Ne diyebilirim ki? Haklıydı. Sustum ve camdan dışarıyı izledim.
Ekin'in üzgün olduğu her halinden belliydi. Daha dün tanıştık ama bende onu çok sevdim. Tabi Elif'i de. Yolu tarif ettim varınca bir süre ikimizde inmedik. İnince oda benle indi. Aslında bu iyi olmadı kızlar Ekin'i görmeseler daha iyiydi. "Telefon numaranı verir misin?" Ekin'e döndüm ve numaramı söyledim.
Oda bana numarasını verdi. "Görüşürüz o zaman." Deyip el salladım. "Görüşürüz." Deyip bana sarılınca kulağıma fısıldadı. "Ne zaman istersen buradayız. İstediğin her zaman Elif'in pijamalarını giyip odamda yatabilirsin. " Ondan ayrılınca gülerek teşekkür ettim. Onları kazanmak beni mutlu etmişti. Ben gidene kadar bekledi Selinler'in bahçesine girince arabanın sesi geldi.
...
Ne olacağını kestiremiyorum gerçekten o akşam bana o lafları söyleyen adamın ayağına mı gidiyorum? O adam onca şeyi söylendikten sonra soy ismini umursamadan beni mi aradı? Beni merak mı etti? Yada onca sene bunları bilirken bana neden rol yaptılar? Neden bir anda bana söyleyip sonrasında rollerine devam ettiler?
Umarım bu soruları cevaplarlar. Umarım bu soruları sorabilirim. Hiç bir zaman annemin kucağında yatamadım. Anneme sarılamadım. İlk aşkım babam olmadı. Asıl babam bir pislik çünkü. Sözde babama lafım yok. Bu zamana kadar sevdiği kadına tecavüz eden adamın kızına babalık yapmak zorun da kaldı.

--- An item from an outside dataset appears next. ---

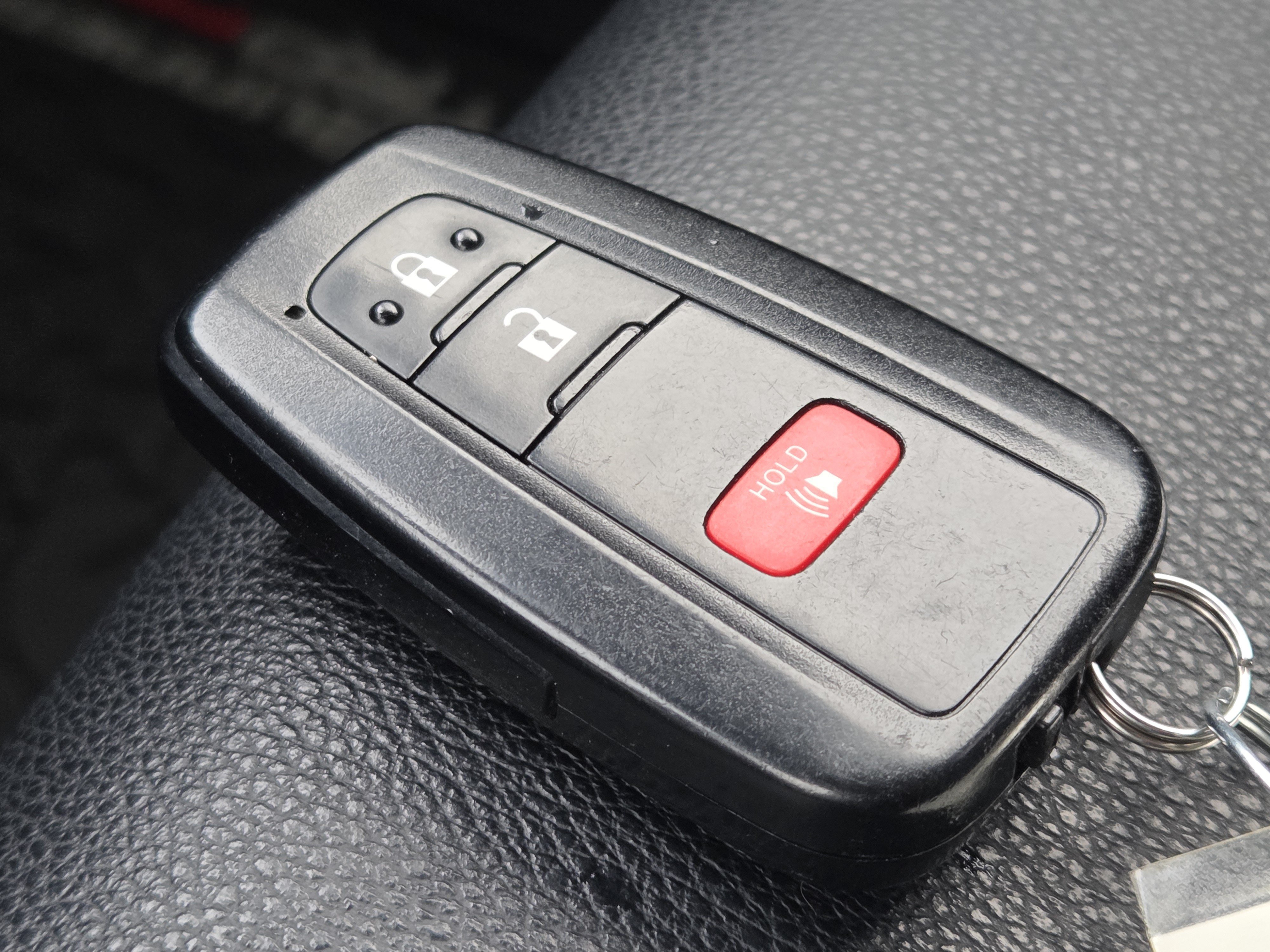 Used 2022 Toyota 4Runner TRD Pro AWD/4WD image 39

Ona kızamıyorum bile onun adına üzgünüm. Bu zamana kadar ona baba dedim kendimi onun yerine koyuyorum da iğrenç bir şey. Anneme kızgınım ben, anneme kırgınım. Bana bunu anlatmalıydı birbirimize destek olmalı beraber ayağa kalmalıydık. Beraber yaralarımızı sarmalıydık. Daha çok yaralandık.

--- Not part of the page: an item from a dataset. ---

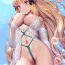 Animation Gentle Connect! Re:Dive 3 “Amakuchi”- Princess connect hentai Porno Amateur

Asıl babamın kim olduğunu ona sormak istiyorum ama yapamam. O pisliği bulup öldürmek istiyordum.
Umarım ölmüştür. Onu tanımak bile istemiyorum, belki o pislik olmasaydı baba dediğim adam gerçek babam olucaktı,annem beni sevecekti. Annem ve babam beni görecekti. Hiç birimiz bu kadar yıpranmayacaktık. Her şeyi düzeltmek istiyorum ama geçmişi ikisine de unutturamam.

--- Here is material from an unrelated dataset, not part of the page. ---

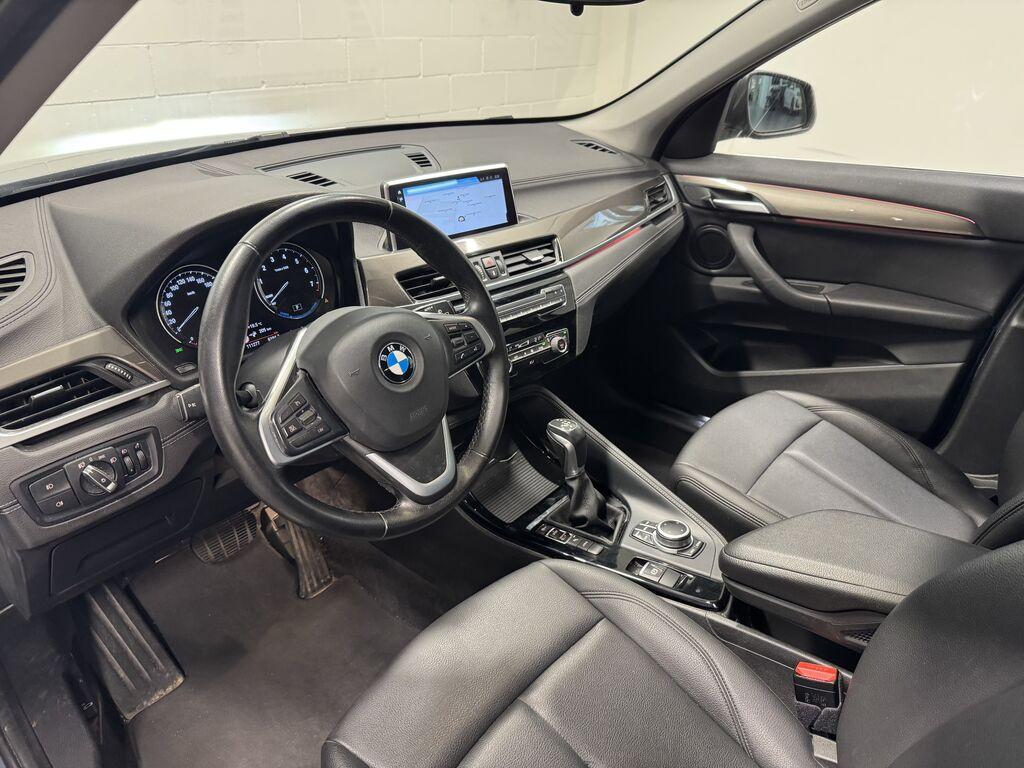 BMW X1 xdrive25e xLine auto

Demir'in beni görmesi iyi değil annemin de öyle beni gördükçe ikisi de acı çekiyor. Onlara veda edip onlardan uzaklaşıcım. Beni iyi miyim? kötü müyüm? diye merak etmişlerdir. Arada iyi olduğuma dair mesaj da atarım. En iyisi bu sanırım. Yalan dolan içinde yaşamak istemiyorum. Onların yaptığı gibi rol yapmaya devam etmeyeceğim.